Jorge Abbott, la sombra que cubre al Ministerio Público

mayo 23, 2018 - 5 minutos read

Desde el primer momento -por allá en 2015 cuando se negociaba la sucesión de Sabas Chahuán- el nombre de Jorge Abbott se encuentra en el centro de la polémica. No sólo por su trayectoria sino por sus promesas de campaña en medio de las investigaciones por los casos de corrupción que involucraban a parlamentarios.

Pero desde su designación, tras citas a escondidas con senadores de distintos colores, bastante agua ha corrido bajo el puente y la figura del Fiscal Nacional es asociada a una herramienta que terminó por liberar a los involucrados en los casos Penta, SQM y otras aristas. La impunidad logró imponerse gracias a los cruces de influencias, lazos sanguíneos e intereses políticos que nutren a la casta de una red de protección que sólo ahora está siendo develada.

A esto se suman la serie de denuncias de acoso, hostigamiento y prácticas antisindicales que han realizado los funcionarios del Ministerio Público, las que se han realizado en Chile y que han llegado incluso hasta la Organización Internacional del Trabajo, dan cuenta de una doctrina que se sostiene en el autoritarismo y la soberbia de un funcionario que cree estar por sobre la ley.

Sus declaraciones de la última semana donde señala “no voy a renunciar, no tengo miedo” (revista Capital / 9-5-2018) o a la salida de la comisión especial de seguridad del Senado donde declaró que “Quién crea que puedo renunciar al cargo, simplemente no me conoce” (TVN / 15-5-2018), no solo denotan el alto nivel de preocupación de Abbott sino que su defensa refrenda su actitud autoritaria.

Ahora, ¿qué es lo que se esconde en la sombra que Jorge Abbott proyecta sobre el Ministerio Público? Esta es una institución que se encuentra en una crisis profunda, donde las investigaciones a los casos de corrupción han roído cualquier margen de respeto y se le vincula con los investigados. Las reuniones con senadores y con el actual ministro de Justicia, Hernán Larraín, solo son un botón de muestra del actuar de Abbott y de su concepción de igualdad ante la ley. En relación con los funcionarios la lógica se mantiene.

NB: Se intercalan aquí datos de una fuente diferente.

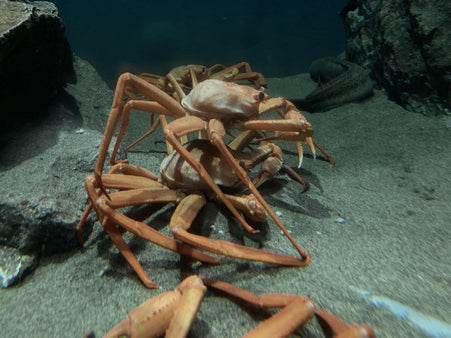 【料理人が徹底比較】紅ズワイガニとズワイガニの違い｜味・値段・旬・見分け方まで解説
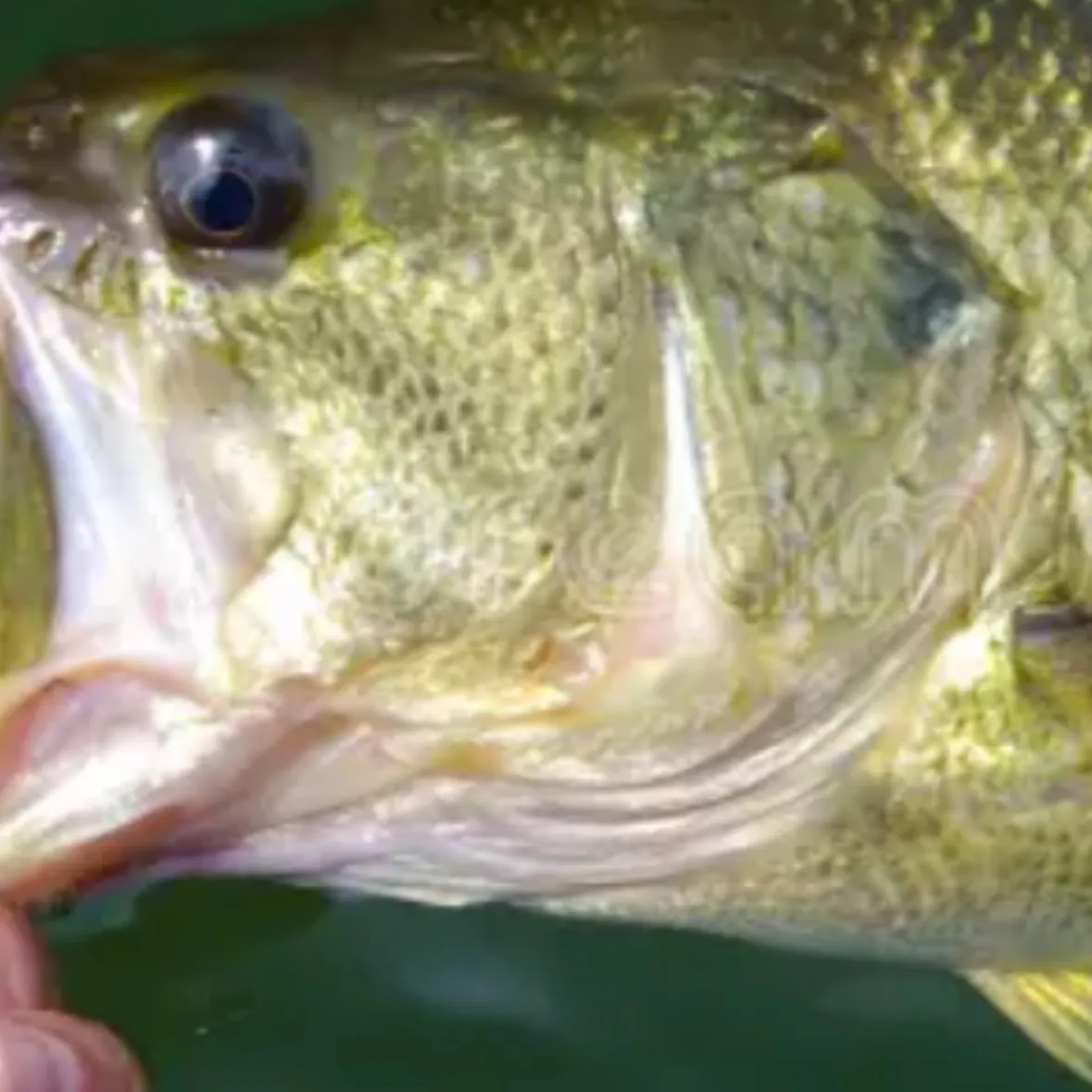 Fish caught on Fishbrain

Por eso nos embarcamos en esta causa. Por más que quienes quieren mantener sus actuales privilegios en las esferas de poder, traten de insinuar que los que estamos haciendo es farandulizar la política; creemos que este es el primer paso para recuperar las instituciones para la gente, para demostrarle a los poderosos que no son intocables, que los funcionarios públicos deben responderle a la ciudadanía, porque se deben a la gente, un paso para profundizar nuestra democracia. Por ello no basta con la destitución o renuncia del cuestionado Fiscal Nacional, debemos trabajar en una profunda reforma al Ministerio Público, ese es nuestro llamado a todas las fuerzas políticas y el gobierno, un llamado que hacemos desde la ciudadanía.

El actuar de Abbott y el asentamiento de su doctrina es un grave problema para nuestra ya complicada democracia, porque termina reduciendo derechos para unos en beneficio de otros, porque concreta la injusticia y la impunidad. Y sobre todo, hace que el guardar el polvo debajo de la alfombra se convierta en una práctica habitual.

La sombra de Jorge Abbott en el Ministerio Público, y todo lo que cubre, debe ser disuelta, para que las ciudadanas y ciudadanos puedan tener certezas que la labor de la institución será pareja para todas y todos sin distinción de clase ni condición política. Ese es nuestro objetivo y tarea que tenemos por delante, por eso a los defensores de los privilegios de los poderosos les decimos que está bien que nos tengan miedo.